The QZ8501 investigation report continues, “FBW (Fly by Wire) and conventional aircraft on FBW aircraft, following certain malfunctions, in particular in case of sensor or computer failure, the flight controls cannot ensure the protections against the stall.” This is very similar to Air France 447, an Airbus A330 that crashed off the coast of Brazil in June 2009. When the autopilot was disconnected after disagreements in airspeed indications, the pilot flying (PF) fought the airplane all the way to the water by applying maximum back pressure on the stick, having never fully realized the A330 was stalling.

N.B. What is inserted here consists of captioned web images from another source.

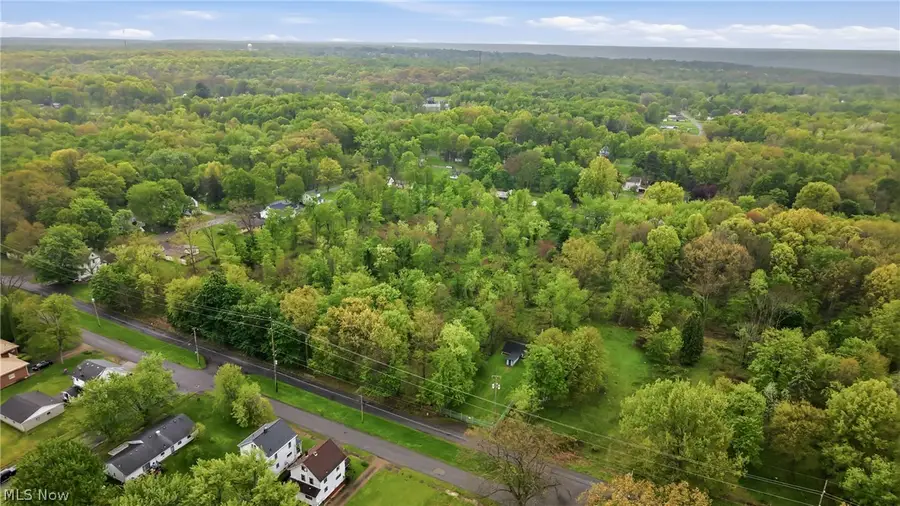 Stewart Avenue, Youngstown, OH 44505 - #2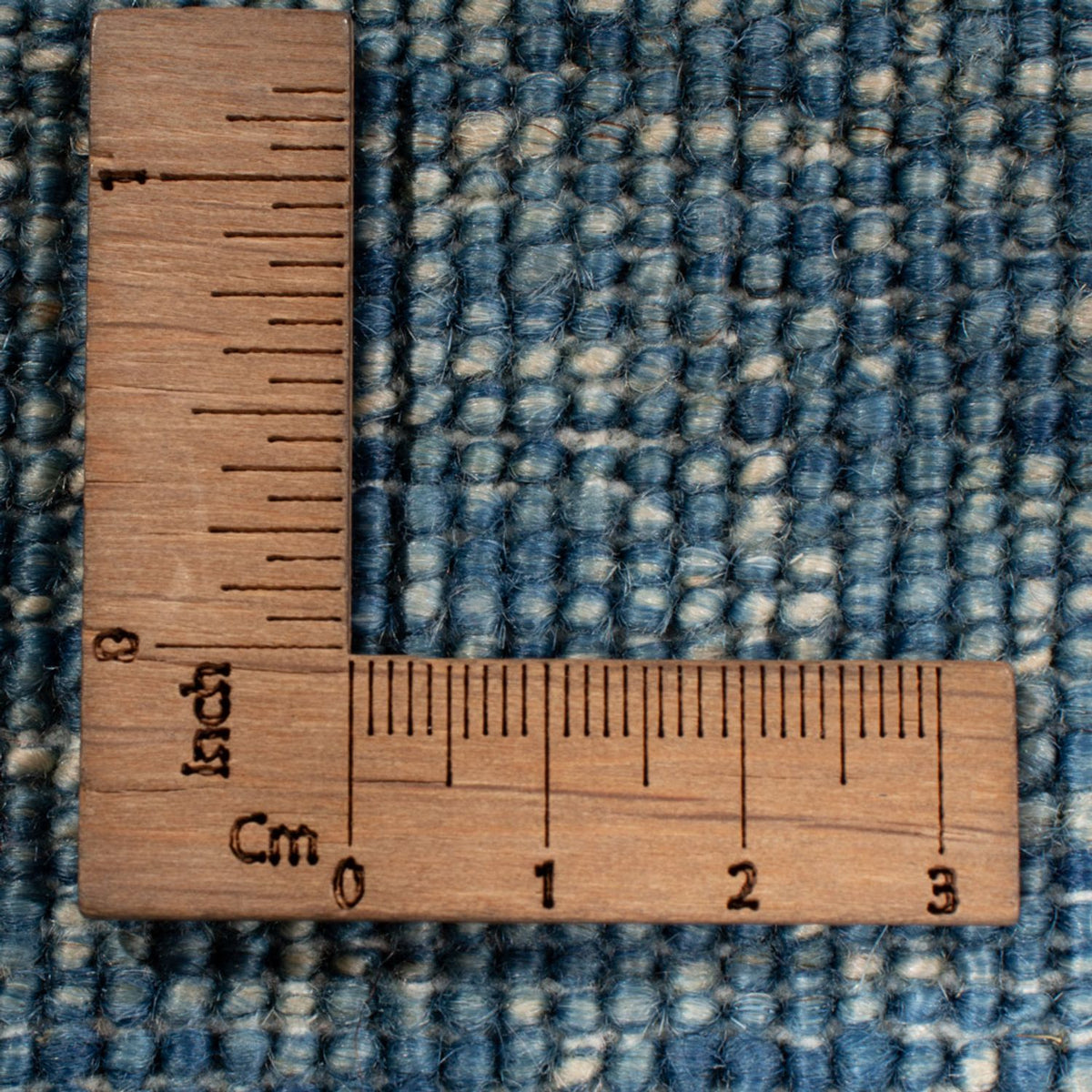 Alfombra Ziegler - Ariana - 290 x 201 cm - multicolor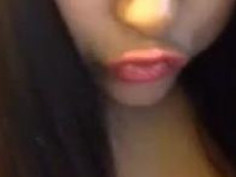 For beautiful Asian PUSSY, ASS and TITS pics, GIFs and videos….. Please Follow me: http://asianbeautyworld.tumblr.com/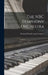 The NBC Symphony Orchestra by National Broadcasting Company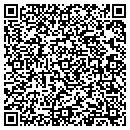 QR code with Fiore Chas contacts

Part of the design philosophy of Airbus, and the associated training, is to recover the aircraft from a stall when the warning is activated – an “approach to stall” – while not actually stalling the aircraft. This same philosophy was present in US airlines as well, prior to the crash of Colgan 3407 in February 2009. The problem with this philosophy is that it doesn’t involve recovering an aircraft from an upset situation – it simply attempts to avoid the situation altogether. While admirable and effective for the most part, this means that some situations can take a crew by surprise, like QZ8501 and AF447. Flight crews, having never been in a similar situation, can easily become overwhelmed and initiate the wrong response.

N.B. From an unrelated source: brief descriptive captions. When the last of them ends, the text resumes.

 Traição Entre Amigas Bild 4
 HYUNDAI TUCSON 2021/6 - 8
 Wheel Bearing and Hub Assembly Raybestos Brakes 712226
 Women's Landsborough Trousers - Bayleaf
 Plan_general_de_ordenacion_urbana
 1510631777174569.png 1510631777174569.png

An additional contributing factor was the rudder travel limiter system failure that had surfaced 23 times in the previous year, with the number of events spiking sharply in the weeks prior to the crash. It was eventually linked to cracking in the soldering on the electronic module of the Rudder Travel Limiter Unit.
Though troubling in and of itself, this annoying AUTO FLT RUD TVL LIM SYS failure message should not have caused a modern Airbus to plunge into the ocean. It took a non-standard procedure (pulling circuit breakers to reset the system in-flight) resulting in further system failures, followed by a crew that was not well-versed in recovering an aircraft from the subsequent upset or unusual attitude situations and did not maintain positive control over the aircraft.
While stalls and other unusual attitudes can be somewhat replicated in high-fidelity full-motion simulators, hands-on experience in an aircraft as part of an upset recovery program provides numerous benefits for aircrews that might find themselves in a seemingly perilous situation. Unfortunately these programs are not cheap, and airlines aren’t exactly scrambling to use their millions in baggage fees to send their pilots through specialized upset training. Though it won’t bring back the lives lost in AF447 or QZ8501, programs like this might help save lives in the future, and that alone is worth the investment.